Pour Starlink, filiale de SpaceX, la stratégie reste similaire. Lors d’une conférence en 2015 à Seattle, Musk déclarait vouloir « répondre à la demande mondiale non satisfaite en matière d’internet haut débit à bas coût », évoquant « 8 milliards de clients potentiels ».

Or, avec des abonnements au double des tarifs moyens des fournisseurs traditionnels, Starlink revendique seulement 6 millions d’utilisateurs, dont 2 aux États-Unis. Des études sérieuses estiment que le marché potentiel se situe entre 15 et 20 millions d’abonnés dans le monde, principalement situés dans les zones rurales des pays riches.

Starlink ne prétend même pas satisfaire aux critères d’universalité définis par l’Union internationale des télécommunications (UIT), préférant maximiser la vitesse de connexion pour capter les subventions de la Commission fédérale des communications (FCC). En 2022, la FCC lui a d’ailleurs refusé un soutien public de presque un milliard de dollars, témoignant des doutes persistants sur sa viabilité.

Car oui, la rentabilité de Starlink reste incertaine, notamment de par ses contraintes techniques. Le débit offert aux abonnés diminue fortement au-delà de 6,66 ménages par km², alors même que la densité moyenne en zone rurale aux États-Unis est d’environ 20. De plus, sa constellation repose sur des satellites d’une durée de vie limitée à cinq ans, nécessitant le renouvellement annuel de 20 % de la flotte pour un coût estimé à 4 milliards de dollars.

Pour renforcer son avantage concurrentiel, SpaceX développe des satellites de troisième génération capables de délivrer jusqu’à 1 térabit par seconde, dont le déploiement massif est prévu dès mi-2026. Pourtant, d’autres constellations bien plus modestes répondent déjà aux objectifs de l’UIT, comme celles d’Eutelsat (34 satellites géostationnaires), O3b (20 satellites en orbite moyenne) ou OneWeb (600 satellites en orbite basse).

La poursuite du déploiement de ces « V3 » dépend néanmoins du développement du Starship, seul capable de déployer en masse ces grosses infrastructures. Si le dixième essai a été jugé probant par les équipes de SpaceX, on est néanmoins encore loin d’un lanceur fiable et opérationnel, prêt à dégurgiter ses satellites par dizaines et en flux tendu.

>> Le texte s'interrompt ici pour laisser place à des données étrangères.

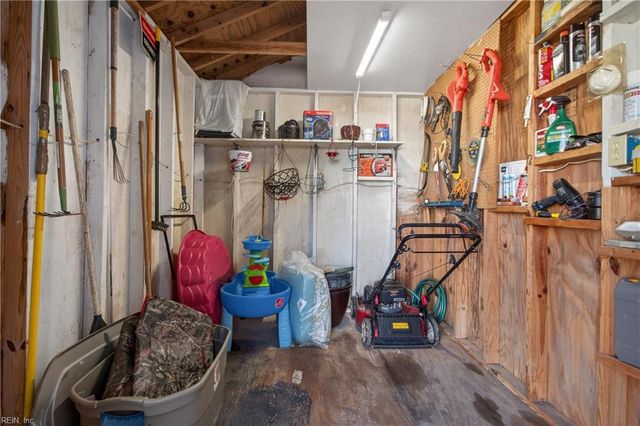 45 Crestwood DR, Newport News, VA 23601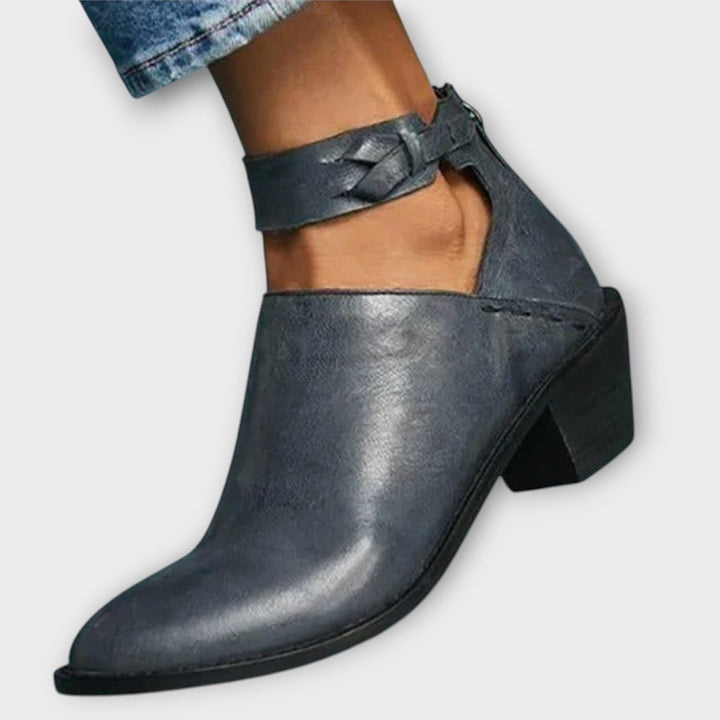 Calveth | Women&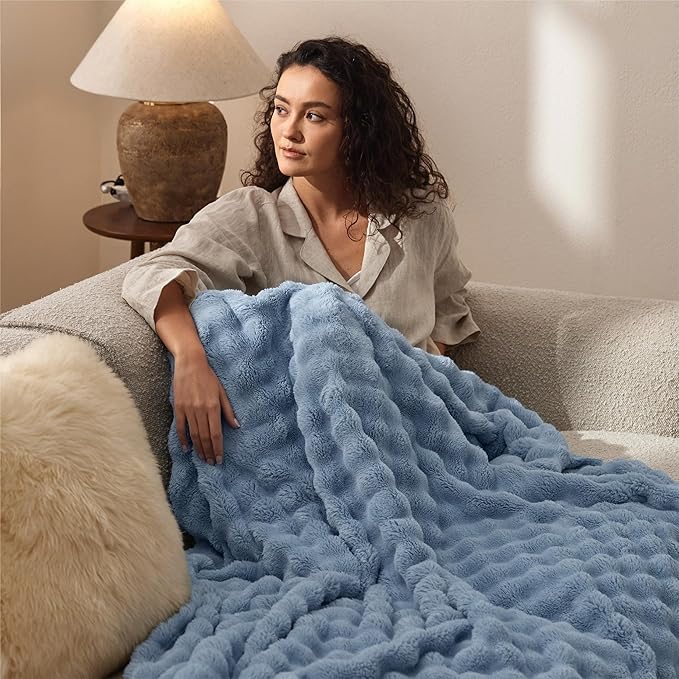 Bedsure 3D Fleece Bubble Blanket for Couch - GentleSoft Blue Twin Blanket for Sofa Bed Room Decor - Luxury Soft Cozy Gifts for Her, Lightweight, All Seasons, Celestial Blue, 60"×80"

Elon Musk : l’exploitation humaine au service du profit

Mais la quête de rentabilité chez SpaceX ne s’arrête pas à la technique. Elle passe aussi par un management toxique, et ce à tel point que la justice étatsunienne a qualifié l’entreprise de « milieu de travail hostile ».

Les conditions de travail y sont justement extrêmes : jusqu’à 100 heures par semaine et 12 heures par jour pour les équipes critiques, avec une interdiction totale du télétravail. La fidélisation des salariés repose sur l’octroi de salaires faibles compensés par des stock-options qui se volatilisent en cas de départ. Malgré cela, le turnover est élevé, atteignant 30 à 40 % du personnel.

Les burn-outs sont fréquents, et la contestation syndicale sévèrement réprimée. En 2022, huit employés licenciés pour avoir dénoncé du harcèlement sexuel ont vu ces licenciements jugés illégaux en janvier 2024. En juin 2024, huit anciennes employées portent plainte pour harcèlement et discrimination. Par ailleurs, le Department of Justice enquête sur des pratiques discriminatoires à l’embauche envers réfugiés et demandeurs d’asile.

L’obsession de la performance finit par coûter cher : l’agence OSHA (Occupational Safety and Health Administration) dénonce la multiplication des accidents, bien supérieure à la moyenne du secteur spatial et qui, en 2023, coûta son bras à un employé lors d’un test moteur.

Un modèle économique à contester

L’impunité d’Elon Musk, largement soutenu par le pouvoir étatsunien, n’est pas une fatalité. La situation monopolistique de SpaceX n’est due qu’à l’absorption massive de fonds publics par l’entreprise au cours de son existence, et par la poursuite de la commande publique, à laquelle la France participe en envoyant ses propres satellites via des fusées SpaceX.

Troisième puissance spatiale historique, la France possède pourtant les moyens scientifiques et industriels nécessaires pour rompre avec cet astrocapitalisme débridé et de courte vue, et la logique du « New Space » qui l’accompagne de façon aussi complaisante que dérisoire. Une autre politique de l’espace est possible, sinon nécessaire, et elle passe par une sortie du muskisme qui est une fuite en avant dans le néant et une économie insoutenable.